• AIM OF THE TASK
Further down are entries; set down exactly and only the lines from the one with "Norwegian teacher studies" up to and including the one with "MINT Rolex Sky-Dweller", dropping each picture.

• AVAILABLE RECORDS
======
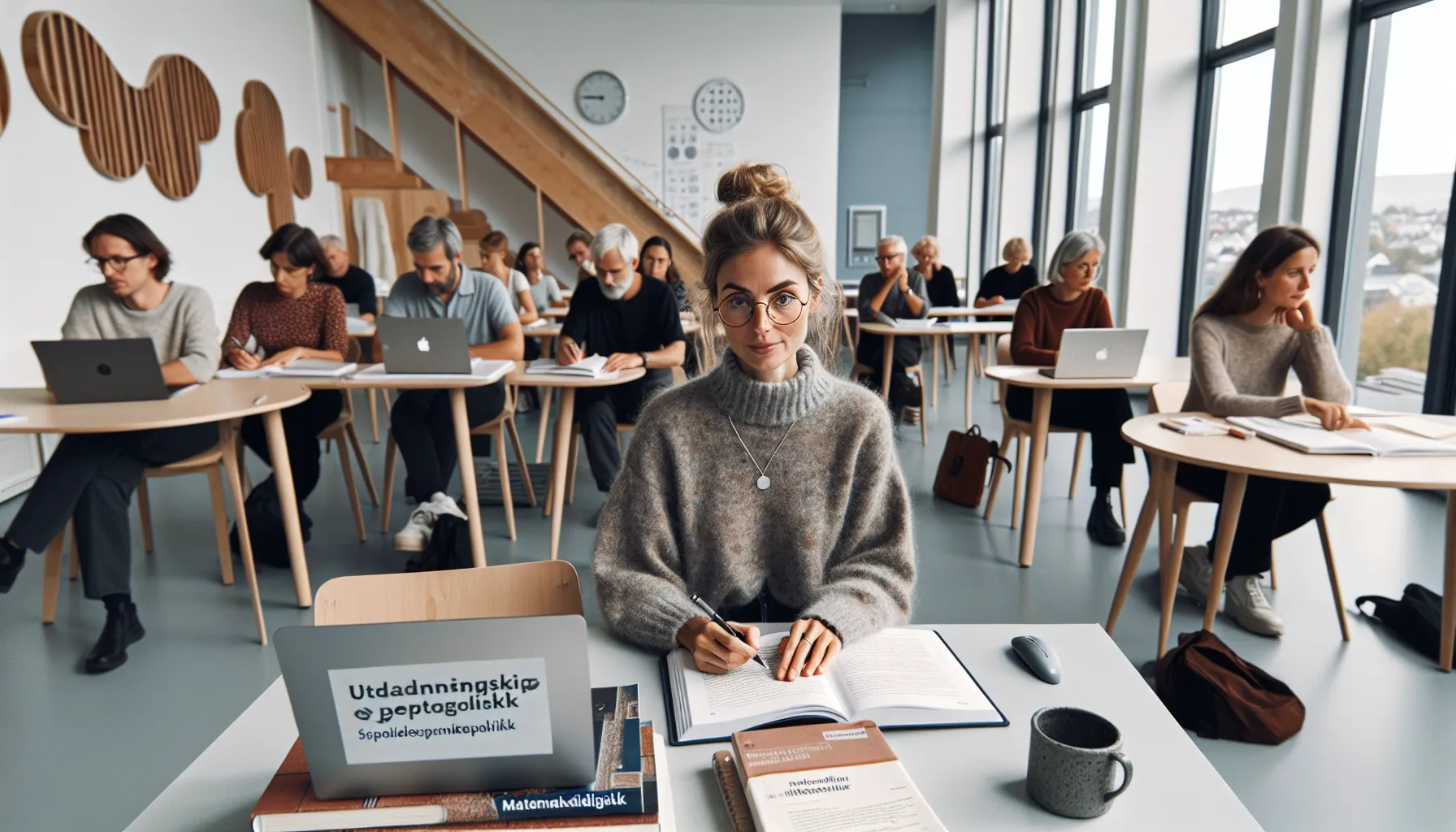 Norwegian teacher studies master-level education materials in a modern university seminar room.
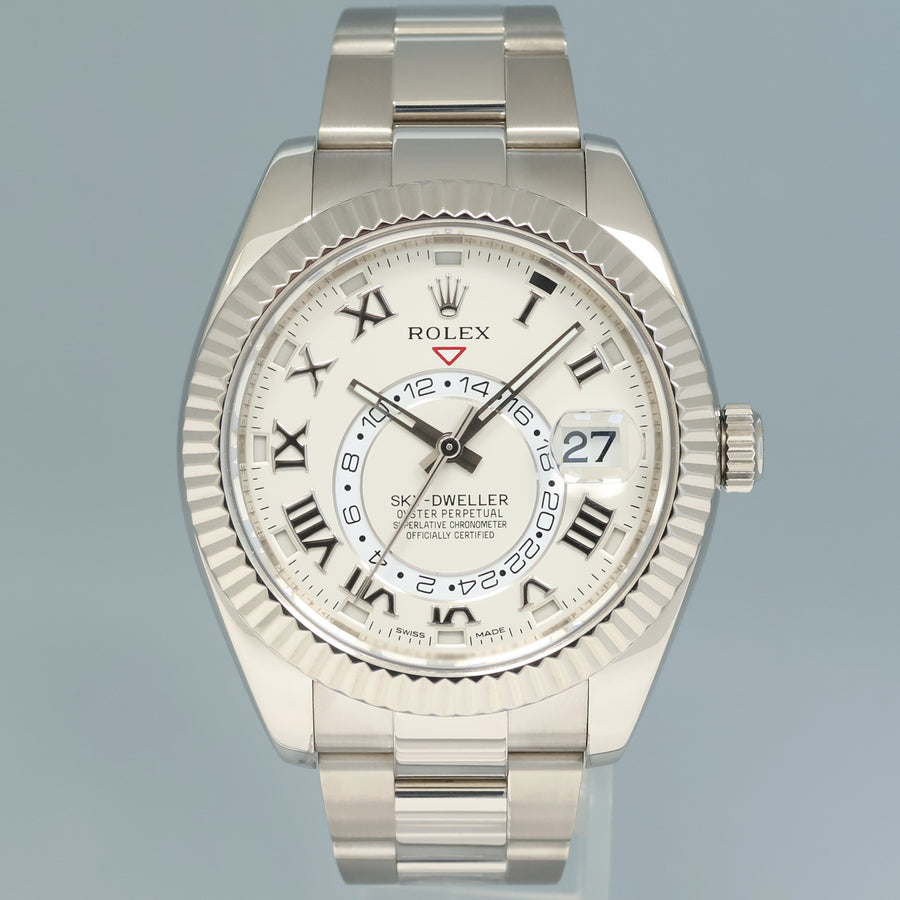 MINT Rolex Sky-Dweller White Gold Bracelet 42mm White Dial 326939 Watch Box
======
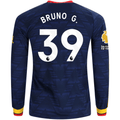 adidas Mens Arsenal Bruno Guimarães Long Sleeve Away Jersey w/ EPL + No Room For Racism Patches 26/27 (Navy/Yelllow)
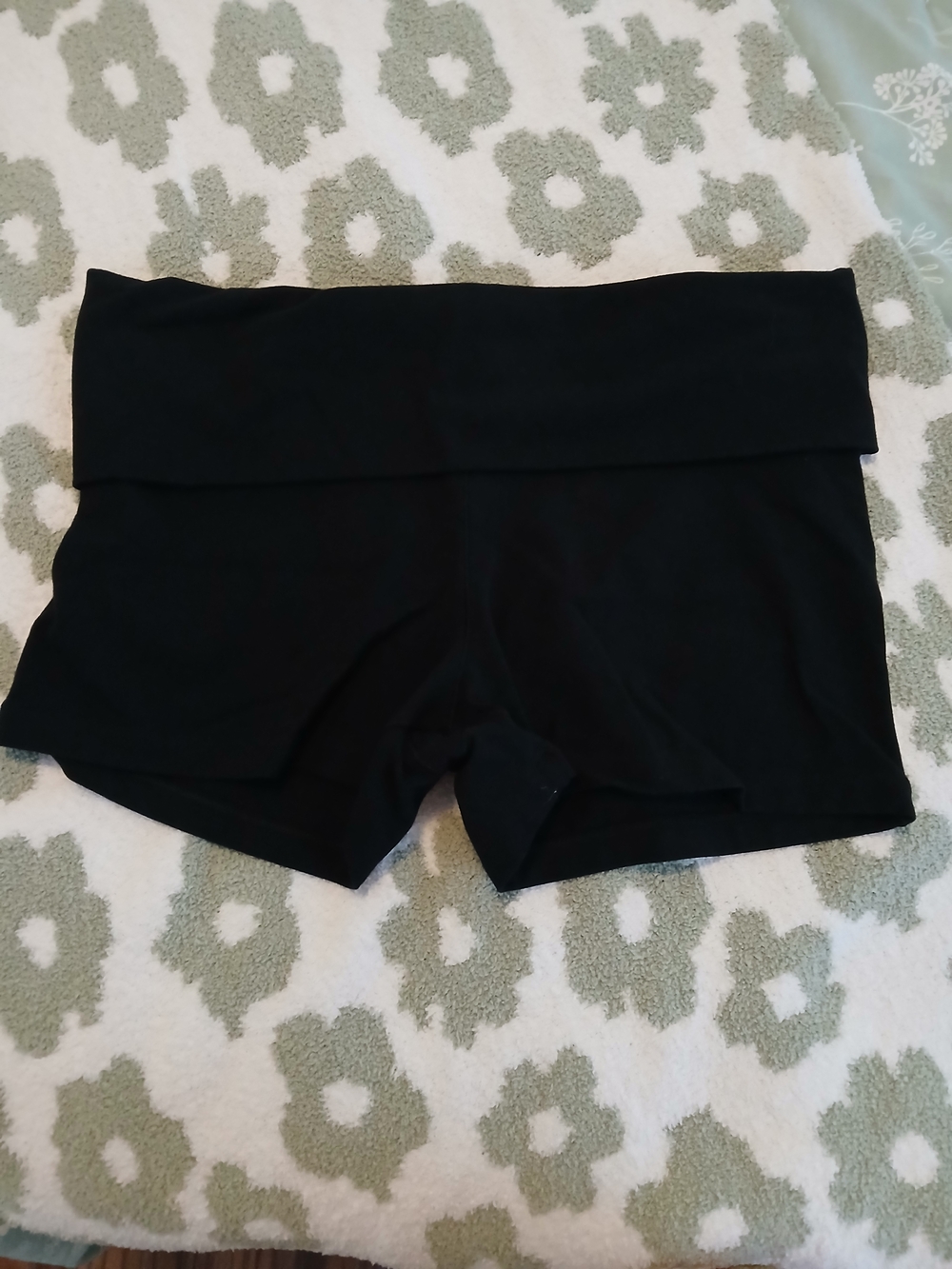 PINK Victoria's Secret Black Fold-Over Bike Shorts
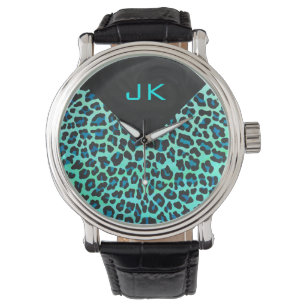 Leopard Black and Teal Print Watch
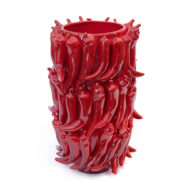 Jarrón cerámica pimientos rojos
======
• ANSWER TO THIS PROBLEM
 Norwegian teacher studies master-level education materials in a modern university seminar room.
 MINT Rolex Sky-Dweller White Gold Bracelet 42mm White Dial 326939 Watch Box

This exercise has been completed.